Privatsektor, Partei, Militär

Allerdings könnte mancher Zug auf dem Feld digitaler Kontrolle längst abgefahren sein. Dazu liefern die Autorinnen ein paar Zahlen:

"China hat mindestens zehn Mal so viel im Bereich Quantenforschung ausgegeben wie die Vereinigten Staaten - Schätzungen gehen von umgerechnet 50 Milliarden US-Dollar aus. Im Bereich Künstliche Intelligenz meldete China allein im vergangenen Jahr 30.000 Patente an, zweieinhalb Mal mehr als die USA." Außerdem wolle Peking "zwischen 2020 und 2030 mehr als 400 Milliarden Dollar in die Modernisierung seiner Telekommunikationsinfrastruktur auf den 5G-Standard" investieren.

Überwachung mit deutscher Hilfe - Polizeiauto in Schanghai Bild: Daniel Kalker/dpa/picture alliance

"Ein Netzwerk von Staat, Kommunistischer Partei und Privatwirtschaft im Sektor der Informations- und Kommunikationstechnologie stützt die chinesische Digitalpolitik", schreiben Ohlberg und Shi-Kupfer. "Ein kaum durchschaubares Geflecht aus staatlichen Kontrollmechanismen, Einflussnahme durch die Partei und internationalen Verbindungen stützt Chinas wachsendes Hightech-Ökosystem aus innovativen Start-ups, Risikokapitalfonds, Provinz- und Lokalregierungen - und dem Militär."

Europa sei da weit abgeschlagen.
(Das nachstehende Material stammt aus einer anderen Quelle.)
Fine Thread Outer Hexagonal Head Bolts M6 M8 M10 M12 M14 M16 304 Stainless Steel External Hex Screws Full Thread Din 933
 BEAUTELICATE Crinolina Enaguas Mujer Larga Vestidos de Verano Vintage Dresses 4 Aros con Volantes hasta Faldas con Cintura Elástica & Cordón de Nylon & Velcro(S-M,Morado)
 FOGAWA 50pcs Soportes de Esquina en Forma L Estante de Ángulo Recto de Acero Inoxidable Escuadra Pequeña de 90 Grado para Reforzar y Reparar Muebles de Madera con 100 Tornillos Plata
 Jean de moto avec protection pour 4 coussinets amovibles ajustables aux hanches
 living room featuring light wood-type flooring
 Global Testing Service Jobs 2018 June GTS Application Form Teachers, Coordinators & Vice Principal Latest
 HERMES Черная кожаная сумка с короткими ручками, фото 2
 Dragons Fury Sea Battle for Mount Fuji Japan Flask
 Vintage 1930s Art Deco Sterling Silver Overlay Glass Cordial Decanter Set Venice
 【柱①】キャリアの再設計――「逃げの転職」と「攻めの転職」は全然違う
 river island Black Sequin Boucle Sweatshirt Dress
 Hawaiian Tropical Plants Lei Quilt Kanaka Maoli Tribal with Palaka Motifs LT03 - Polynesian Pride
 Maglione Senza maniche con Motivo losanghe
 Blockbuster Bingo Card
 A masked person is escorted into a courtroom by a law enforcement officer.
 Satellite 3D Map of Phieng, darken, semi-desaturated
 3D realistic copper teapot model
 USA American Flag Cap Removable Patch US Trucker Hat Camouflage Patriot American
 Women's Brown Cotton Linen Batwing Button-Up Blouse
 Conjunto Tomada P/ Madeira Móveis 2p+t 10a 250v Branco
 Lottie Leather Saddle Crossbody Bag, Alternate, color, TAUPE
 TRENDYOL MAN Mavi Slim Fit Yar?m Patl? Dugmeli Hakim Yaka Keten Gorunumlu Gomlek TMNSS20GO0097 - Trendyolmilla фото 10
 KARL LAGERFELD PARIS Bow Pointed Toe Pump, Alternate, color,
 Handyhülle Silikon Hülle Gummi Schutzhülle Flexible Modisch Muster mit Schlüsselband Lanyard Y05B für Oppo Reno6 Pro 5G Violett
Das rächt sich nun auch für europäische Unternehmen, die mit dem neuen Bonitätssystem in China zurechtkommen müssen. Die Handelskammern warnten, die Einführung des Systems sei mit zahlreichen Ungewissheiten verbunden. Das System, in dem alle Daten zusammengeführt werden, beruhe auf einem "intransparenten Algorithmus", so die Deutsche Handelskammer.

Viel Spielraum sehen die Handelskammern nicht mehr: "Wie auch immer, das Sozialkreditsystem für Unternehmen wird kommen", so Jörg Wuttke. "Unternehmen in China müssen sich auf die Konsequenzen vorbereiten, um sicherzustellen, dass sie wegen der Kreditpunkte nicht untergehen, sondern mit den Punkten leben können."